En plus des vautours à l’affût réclamant le démembrement d’Hydro-Québec, une vraie rumeur circule dans le public du désanchantement des employés. Il y a un surplus de main-d’oeuvre qui se tourne les pouces: alors, coupons. Personne se lève pour clamer sa fierté d’être hydro-québécois comme jadis.
Le pire cercle vicieux prend forme: les employés d’H.-Q. se murent dans leur confort de sécurité d’emploi, la haute direction est fermée comme un huître et refuse de débattre des principaux enjeux de l’heure.

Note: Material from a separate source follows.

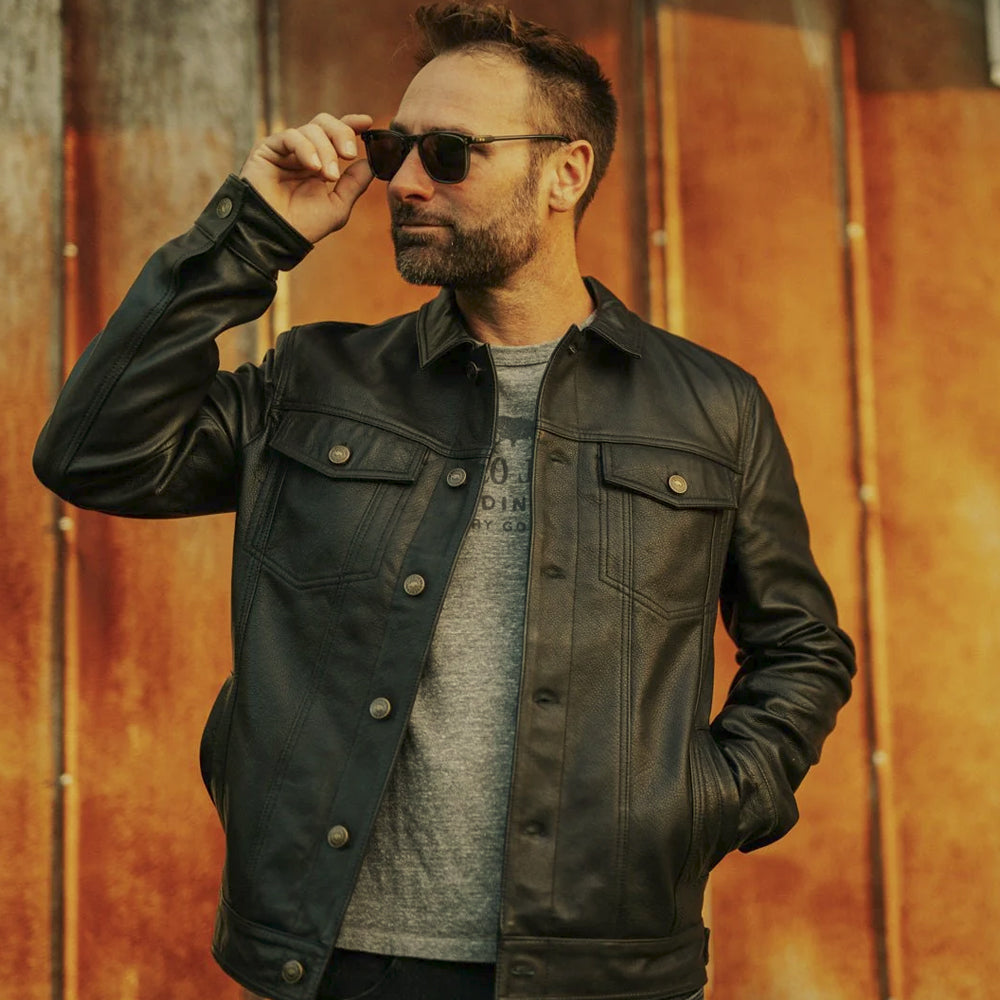 Front lifestyle view of the distressed black leather trucker jacket worn open over a grey crewneck T-shirt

Pendant ce temps, les adversaires externes à Hydro-Québec s’agitent. Affaiblissons Hydro-Québec, soumettons Hydro-Québec aux contraintes de la fédération canadienne par le projet d’achat par Hydro-Québec d’Énergie Nouveau-Brunswick (projet abandonné en mars 2010), au FERC (Federal Energy Regulatory Commission) pour les exportations d’électricité nord-américaines presqu’au coûtant. Et ça continue, plusieurs premiers ministres de Terre-Neuve ont cassé du sucre sur le dos des Québécois sans raison pour le contrat du 12 mai 1969, d’une durée de 65 ans, pour l’achat de l’électricité produite par la centrale Chruchill Falls. Monsieur Joseph Bourbeau, ancien PDG d’Hydro-Québec et témoin des événements disait en 1981, je cite: « Sans l’engagement d’Hydro-Québec, ce projet n’aurait jamais vu le jour.» (revue Forces, nos 57-58, page 15)

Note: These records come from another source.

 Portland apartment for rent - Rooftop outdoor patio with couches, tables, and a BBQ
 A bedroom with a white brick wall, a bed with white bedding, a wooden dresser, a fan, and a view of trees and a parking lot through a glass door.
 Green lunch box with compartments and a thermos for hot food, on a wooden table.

À partir de la chanson «Le tour de l’île» de Félix Leclerc, je substitue les mots Hydro-Québec aux mots «l’île d’Orléans», je cite: « Imaginons, Hydro-Québec, un dépotoir, un cimetière, parc à vidanges, boîte à déchets, US parking ...»

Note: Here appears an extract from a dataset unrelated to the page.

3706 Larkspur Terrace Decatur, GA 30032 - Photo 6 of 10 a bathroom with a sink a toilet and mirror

Qui rétablira la fierté chez Hydro-Québec, qui respectera les clients en oubliant sa position de monopole, qui garantira à tous les clients en demande d’un branchement, une action dans les 48 heures, qui travaillera à 90% de son énergie, qui remplira ses fonctions avec respect et honnêteté ? Un renouveau est exigé maintenant chez Hydro-Québec pour le bienfait des Québécois.